One of the reasons I initially started shooting with the Rolleiflex was for the wonderful viewfinders with are big and bright.   Each Rolleiflex platform has several viewfinder options: on the 6000 series there are 5 finders, on the Hy6 there are four different finders, and 3 for the TLR's.    I like to be in control of the camera as much as possible, and personally rarely use the autofocus features.  When I do use AF, I find that it affects my compositional framing since I tend to center to the subject more.   

Besides the finder choices, another great thing about the Rolleiflex is that DHW-fototechnik offers lots of corrective diopters for their prisms and WLF pop up magnifiers, and they are not too expensive.  (I'm going to list a table of the different corrective diopters very soon.)

My problem is that my eyesight isn't that great and I have an astigmatism too.  That means even with the correct diopter in place, I still can't see really sharp images in the finder without glasses.  I won't bore you all with the effort I went into with building my own custom magnifying finders or experimentation with numerous focusing screens right now (maybe in a later post), but instead will get right to the solution for those of you who have an astigmatism but want to shoot without your glasses.  It's the Televue Dioptrx.   This is a corrective eyepiece for astronomers to fit to their telescopes, but amazingly its about the right size to fit on the 45 degree prism eyecups and also the same diameter of the 3x lupe finders.  Note - I have no affiliation with TeleVue at all.  I am just very happy these exist.  If you know your prescription, you can just select the closest one - they come in .25 diopter increments.  If you are in between, go to the higher value. 

I bought mine from OPT Telescopes but you can get them several places.  Here's a link to their page with the dioptrx.    

These come with a rubber eyecup and have a screw on mount cap that fits over the Rollei 45 degree prism eyecup.
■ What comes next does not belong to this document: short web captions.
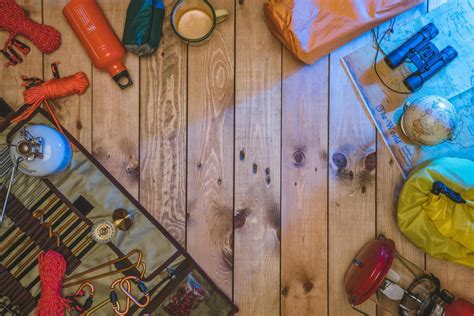 Computer Shop Top View Layout 的图像结果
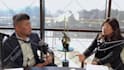 professionally edit video podcast and interviews
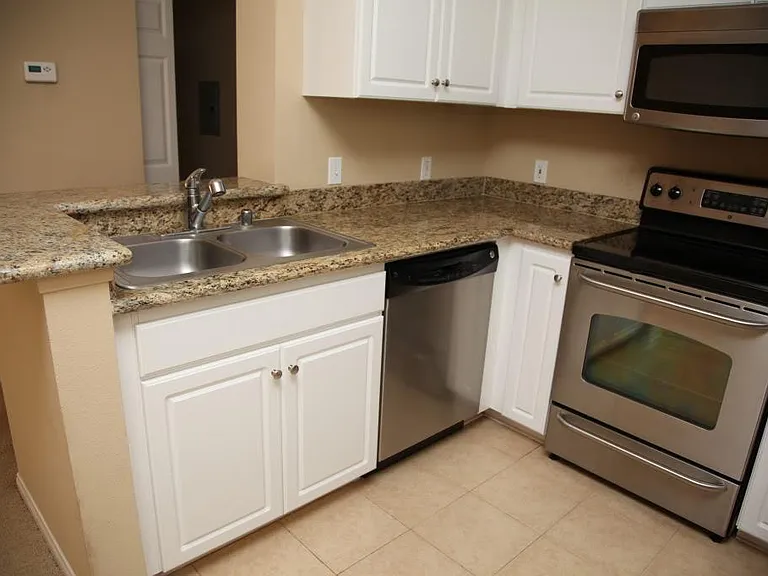 8232 Station Village Ln #1914 — Photo 23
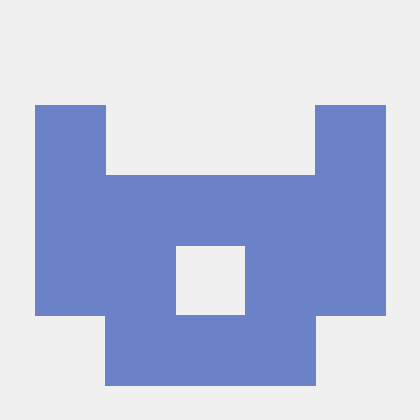 riskrouter-recorder logo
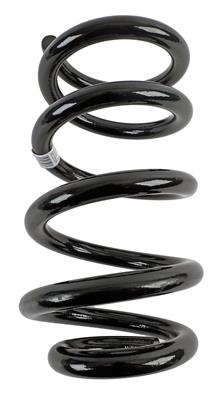 SPRINGFRT COIL
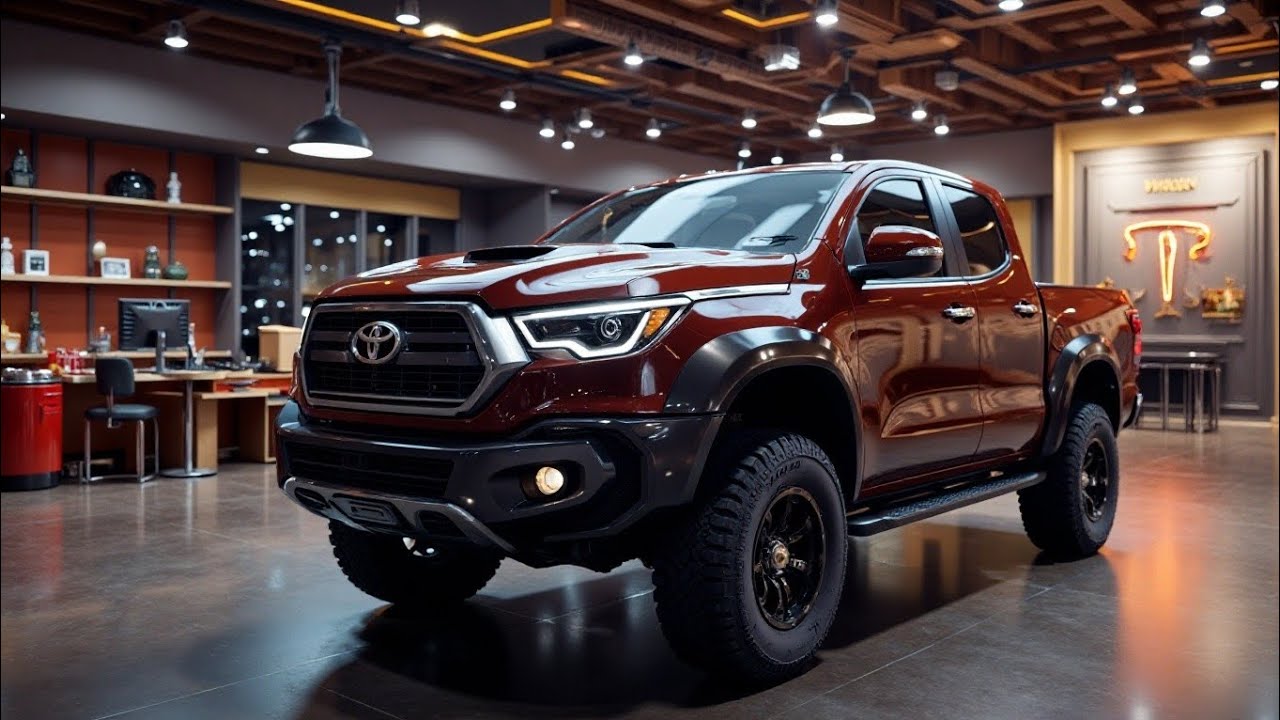 Top 10 Rumored Cars of 2026 😱 | Upcoming SUVs & Legendary Models That Might Shock You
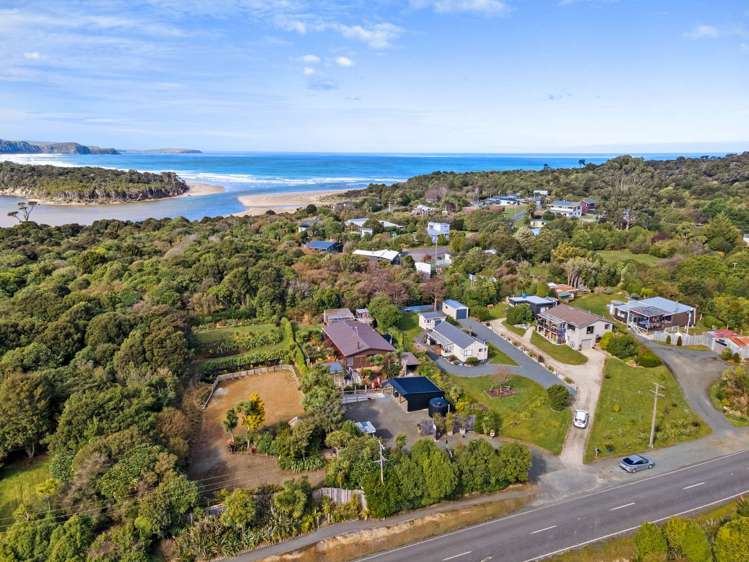 2519 Papatowai Highway Papatowai/Pounawea_25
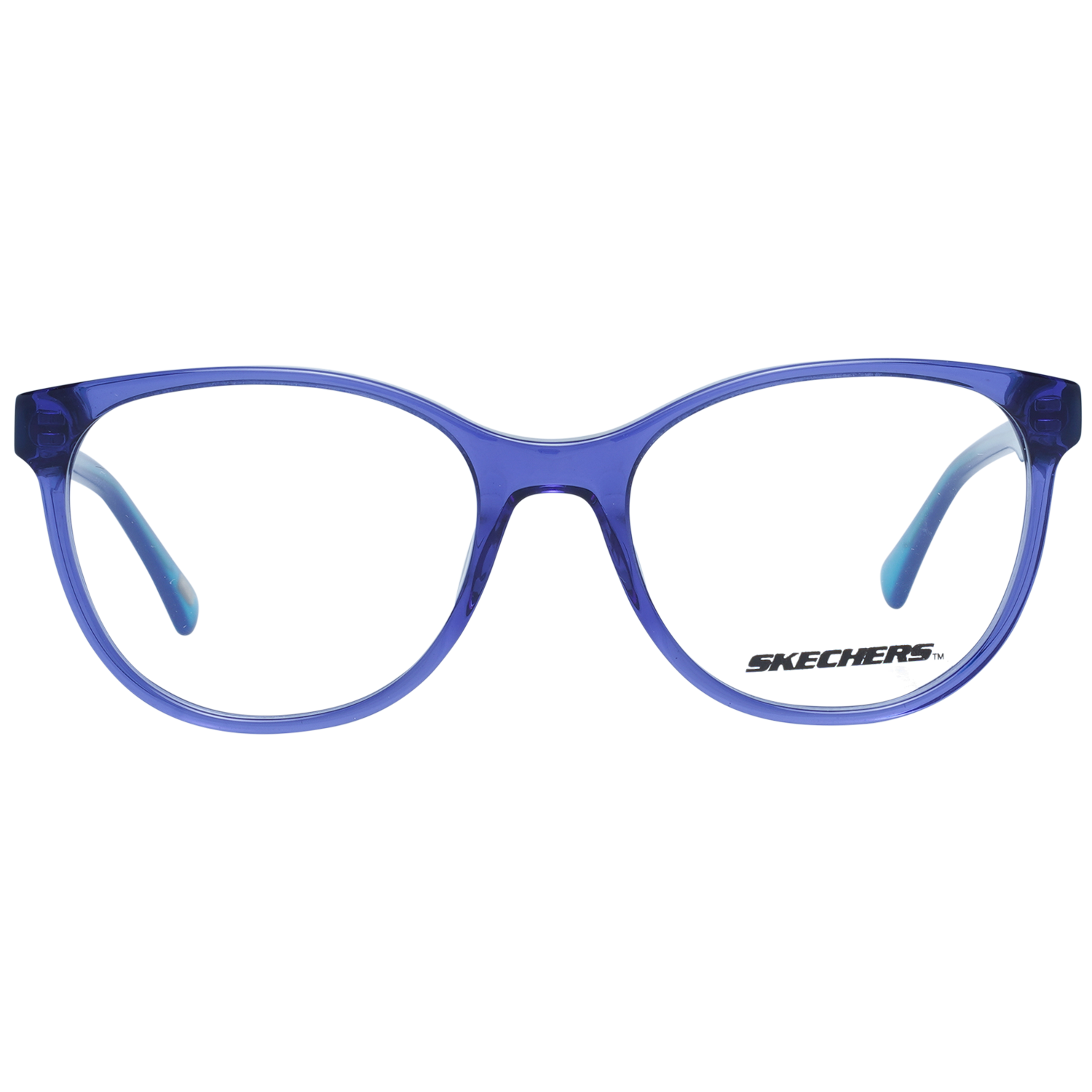 Skechers Optical Frame SE1647 090 50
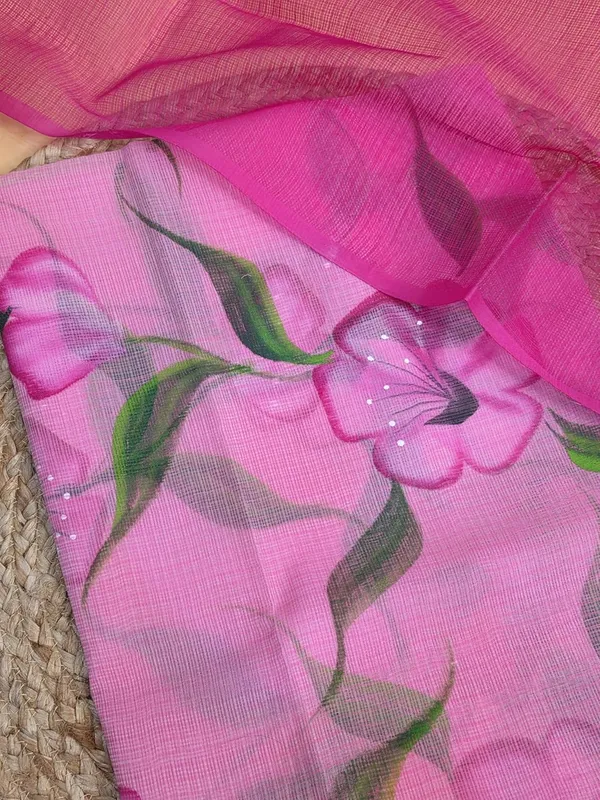 Pink_Kota_Cotton_Dress_Material_For_Womens
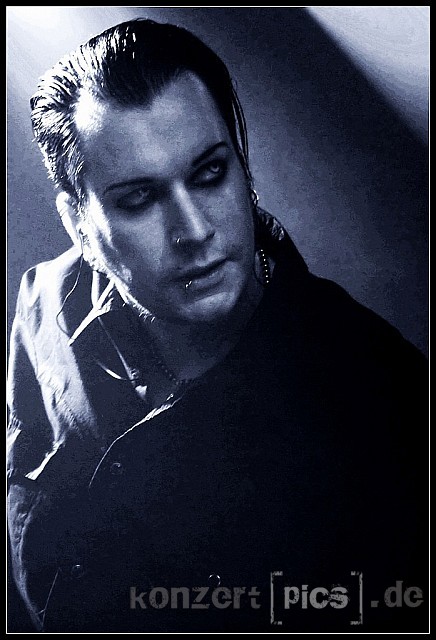 nostromo-terminalchoice-025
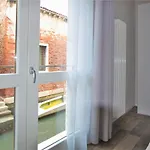 Magno Luxury Canal View *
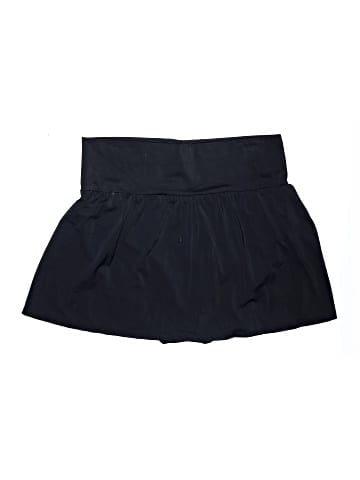 Mainstream Swimsuit Bottoms (view 2)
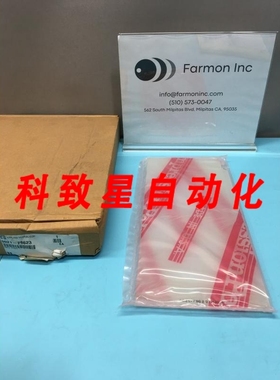 工业配件AMAT 0021-79623 WALL RIGHT 147057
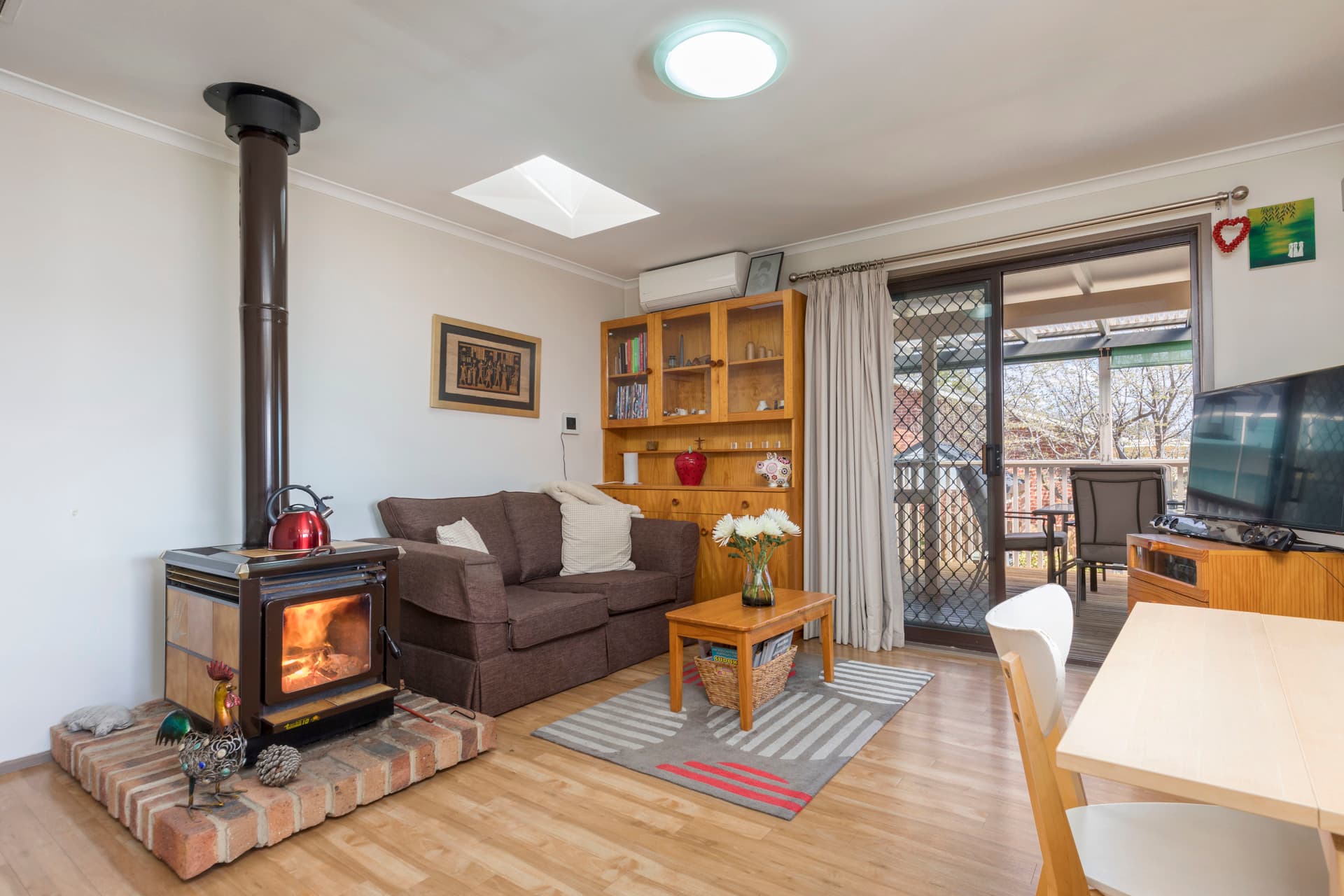 1 Middleton Circuit, Gowrie ACT 2904, Gowrie - Thumbnail 3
You can just remove the rear piece and slip it over the rollei eyecup and then screw in the dioptrx and then as you tighten look through and rotate it such that the angle is correct for your astigmatism (you'll see it get sharp - a little off and things tilt at an angle - way off its blurry).  It will stay on really pretty well.  If you get wild with your Hy6 and hop around like I do, you might want a bit more security.  I ended up gluing a large stainless steel washer on the back of the rear dioptrx cap that had a slightly smaller hole in it and this holds my dioptrx on very well.  I actually have two of these.  The second one is for my lupe finder.  It looks a bit funky but since they are the same diameter - I just use a piece of the blue masking tape around the seam to hold them together.